Task requirements >> In the listing below, find the line containing "Stūres statnis - First P504A-1-BK" and the line containing "Shauna Luv Horny Teacher", then copy exactly everything from the first through the second, except the pictures.

Segment Start: Data shown

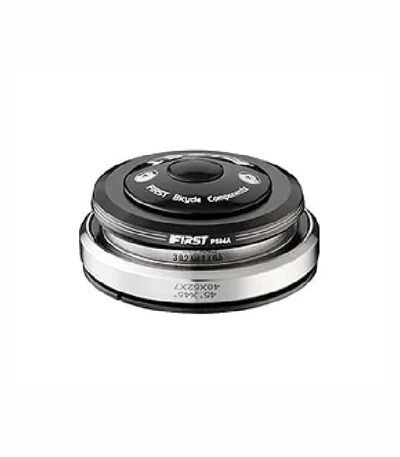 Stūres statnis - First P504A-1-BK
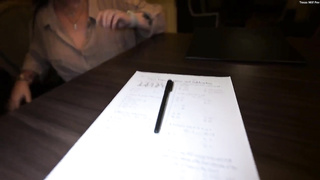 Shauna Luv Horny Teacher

Segment End: Data shown
Segment Start: Data shown

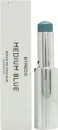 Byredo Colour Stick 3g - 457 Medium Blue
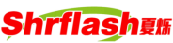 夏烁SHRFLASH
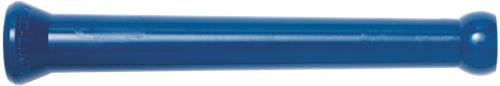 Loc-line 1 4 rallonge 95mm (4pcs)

Segment End: Data shown

Answer for this exercise >>
 Stūres statnis - First P504A-1-BK
 Shauna Luv Horny Teacher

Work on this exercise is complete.